Mold can grow well in the cheese ripening chambers because of their environment. If the camera is not properly disinfected, it may be contaminated with mold spores. Ozonation is an effective method for inactivating spores, both during cheese ripening and during storage (6). Ozone concentrations of approximately 0.05 ppm and 5 ppm in the air are inactivated by 80-90% and 99% of spores without negatively affecting the organoleptic properties of the cheese.
In 2003, the following experiment was carried out: the cheese ripening chamber was ozonized for 20 weeks, and the effectiveness of the procedure was monitored weekly — microbiological parameters were measured both in the air of the chamber and on the surfaces of the cheeses. Ozone gas has been proven to be very effective in reducing the total number of mold spores in the air, while it has not been possible to reduce the number of spores on the surface of cheeses. It has been concluded that gaseous ozonation may not eliminate the spores already present on the surface of the cheese entering the ripening chamber, but it may prevent the deposition of spores from the air during the ripening process. [9]
A study by Lanita and da Silva (2008) showed that 60 days of ozonation in a Parmesan-type ripening chamber reduced the amount of yeast and mold in the air by 63%.
A universal deodorizing and disinfecting agent, ozone has a powerful antimicrobial effect against a wide range of bacterial pathogens. It is also environmentally friendly, safe and the cheapest agent available.
As demonstrated above, ozone is a powerful disinfectant that can be used widely in cheese ripening chambers and is capable of preventing both food poisoning and bacterial infections. Managing the transition from conventional disinfectant production to ozone requires in-depth study, including determining the optimal ozone dose, contact time, and specific effects of ozonation on the maturity of cheese.
References
1. Nagy R. Application of ozone from sterilamp in control of mold, bacteria, and odors.
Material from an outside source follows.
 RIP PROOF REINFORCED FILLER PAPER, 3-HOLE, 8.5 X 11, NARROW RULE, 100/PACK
Westinghouse Electric Corp., Bloomfield, NJ. Advances in Chemistry Series. 1957. pp. 57-65.
2. Nancy Awasti, Santosh Anand, The Role of Yeast and Molds in Dairy Industry: An Update, Dairy Processing: Advanced Research to Applications, 10.1007/978-981-15-2608-4, (243-262), (2020).
3. Freitas-Silva O and Venancio A (2010) Ozone applications to prevent and degrade mycotoxins: a review. Drug Metabolism Reviews 42 612- 620.
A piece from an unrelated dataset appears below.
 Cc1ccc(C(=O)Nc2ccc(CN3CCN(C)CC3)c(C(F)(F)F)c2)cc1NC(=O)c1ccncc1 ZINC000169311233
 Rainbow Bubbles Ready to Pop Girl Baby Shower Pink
4. Gabriel'yants' M A, Teplova L N, Karpova T I, Kozlova R A and Makarova G F (1980) Storage of hard rennet cheeses in cold stores with ozonation of air (In Russian). Kholodil'naya Tekhnika 5 35- 37.
5. Shiler G G, Eliseeva N N, Volodin V I, Chebo-tarev L N and Matevosyan L S (1983) Method of ozonising rooms for ripening and storing cheeses (In Russian). Patent No. SU 1022688A.
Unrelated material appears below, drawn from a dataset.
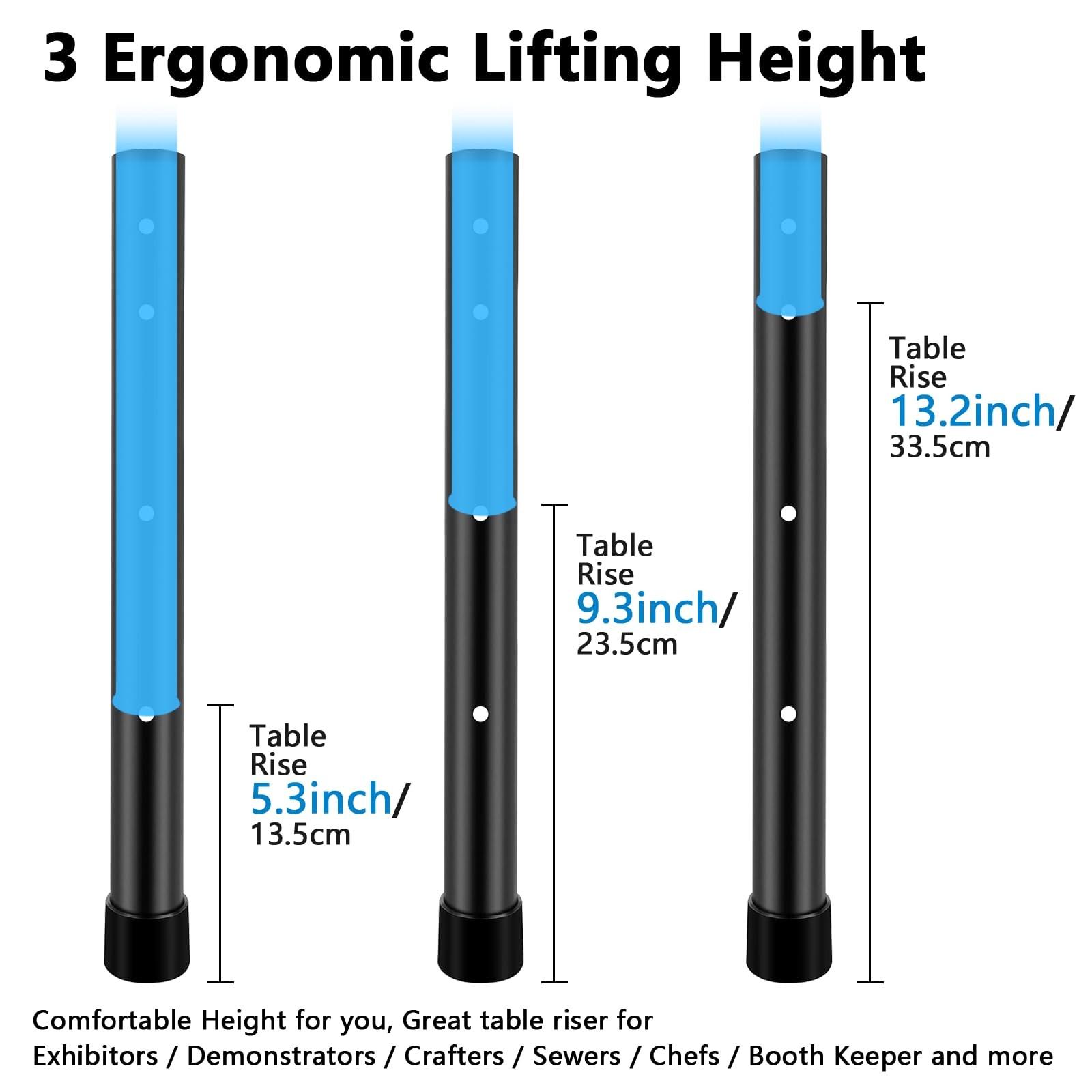 4 Packs Table Leg Extenders, Adjustable Table Leg Risers, Black Heavy Duty Steel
6. Bullerman, L. B. 1981. Public health significance of molds and mycotoxins in fermented dairy products. J. Dairy Sci. 64:2439-2452
7. Gammon, R., and K. Kereluk. 1965. Gaseous sterilization of foods. AIChE Symp. Ser. 132:91-99.
8. Holah, J. T., S. J. Rogers, J. Holder, K. E. Hall, J. Taylor, and K. L. Brown. 1995. The evaluation of air disinfection systems. R&D Rep. Campden Chor-leywood Food Res. Assoc. 13:1-40.
9. Taniwaki, M. H., A. D. Hocking, J. I. Pitt, and G. H. Fleet. 2001. Growth of fungi and mycotoxin production on cheese under modified atmospheres. Int. J. Food Microbiol. 68:125-133.